====== DATA PROVIDED

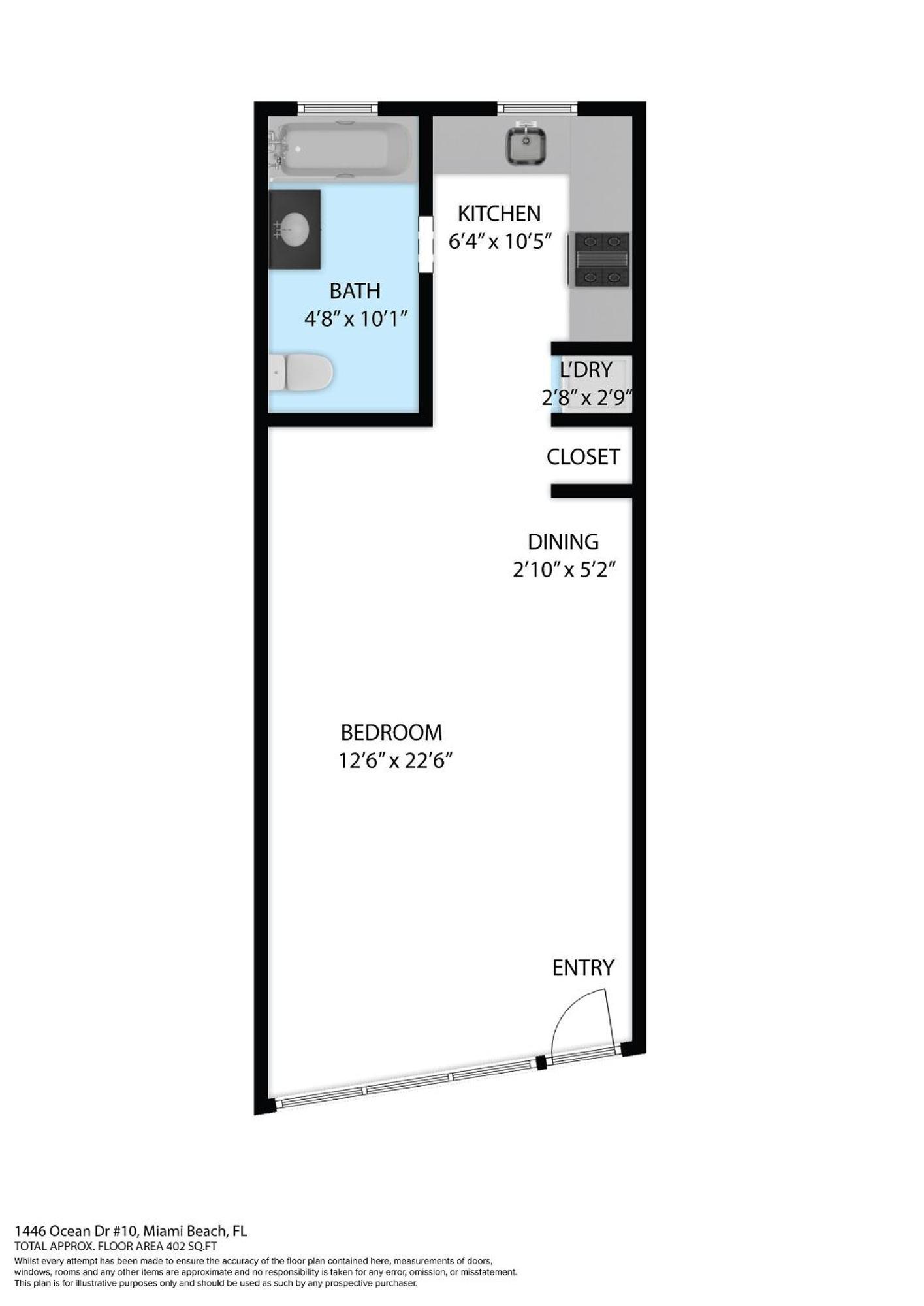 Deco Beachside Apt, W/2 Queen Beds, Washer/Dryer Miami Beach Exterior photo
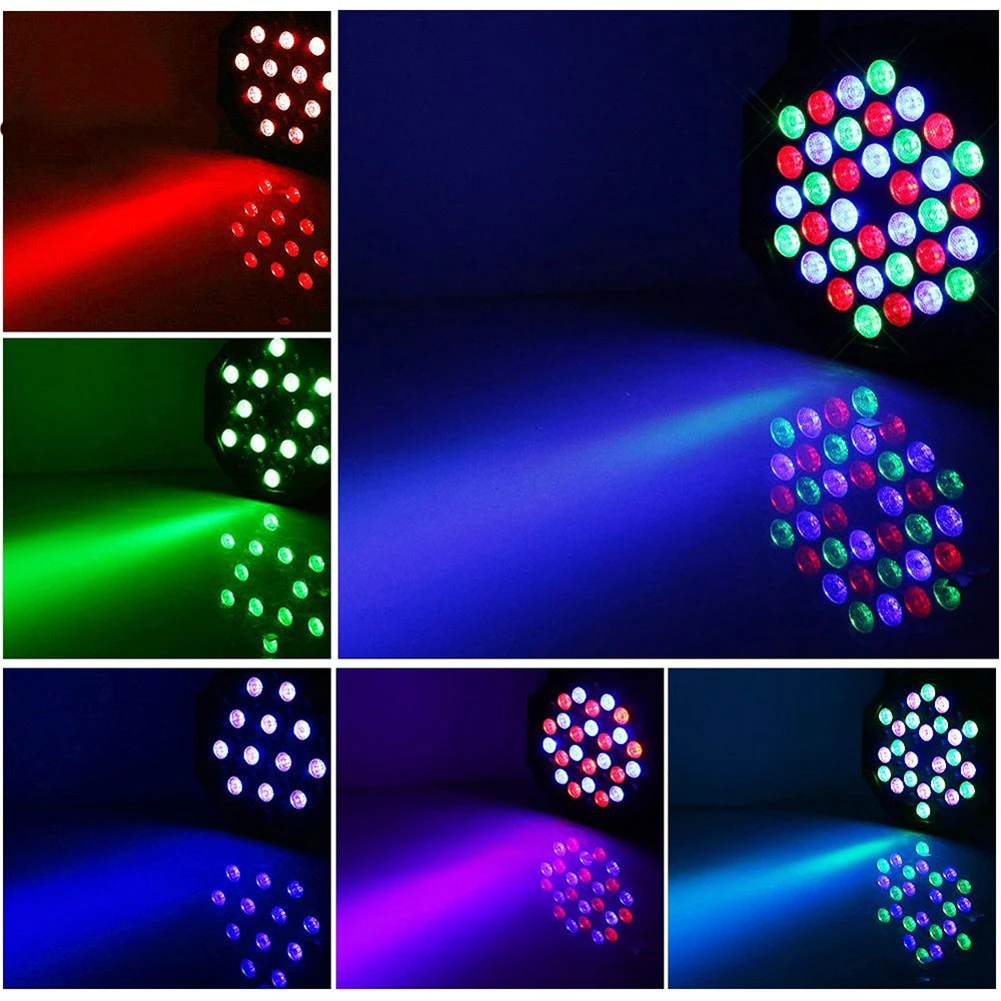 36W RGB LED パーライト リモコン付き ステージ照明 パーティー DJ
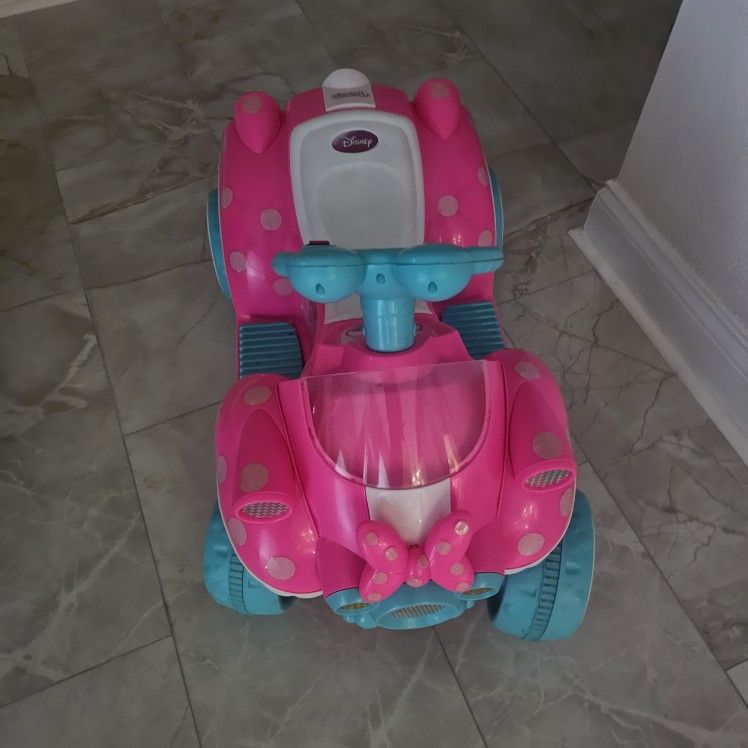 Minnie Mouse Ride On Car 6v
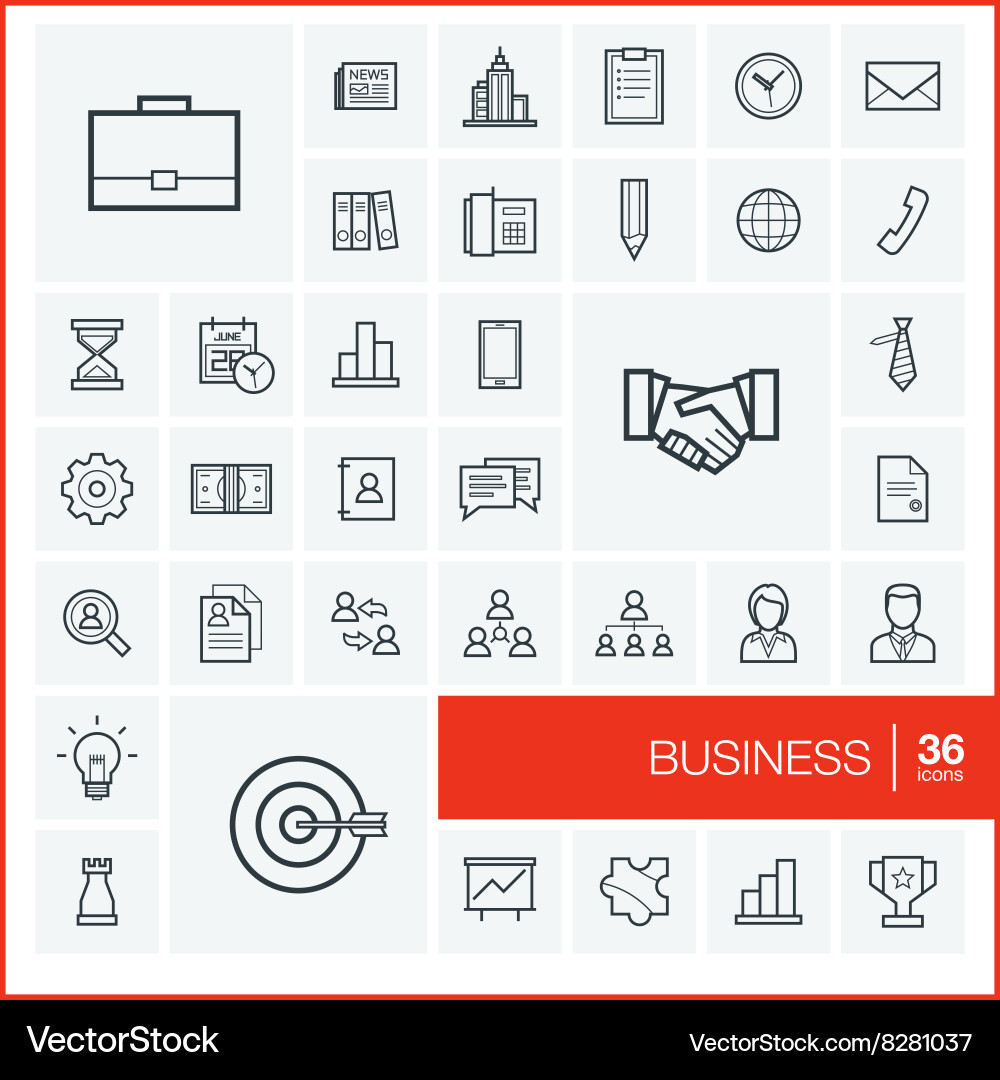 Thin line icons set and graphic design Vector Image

============

**ASSIGNMENT:** Line for line, retype the material exactly, omitting any pictures.

**EXERCISE SOLUTION:**
 Deco Beachside Apt, W/2 Queen Beds, Washer/Dryer Miami Beach Exterior photo
 36W RGB LED パーライト リモコン付き ステージ照明 パーティー DJ
 Minnie Mouse Ride On Car 6v
 Thin line icons set and graphic design Vector Image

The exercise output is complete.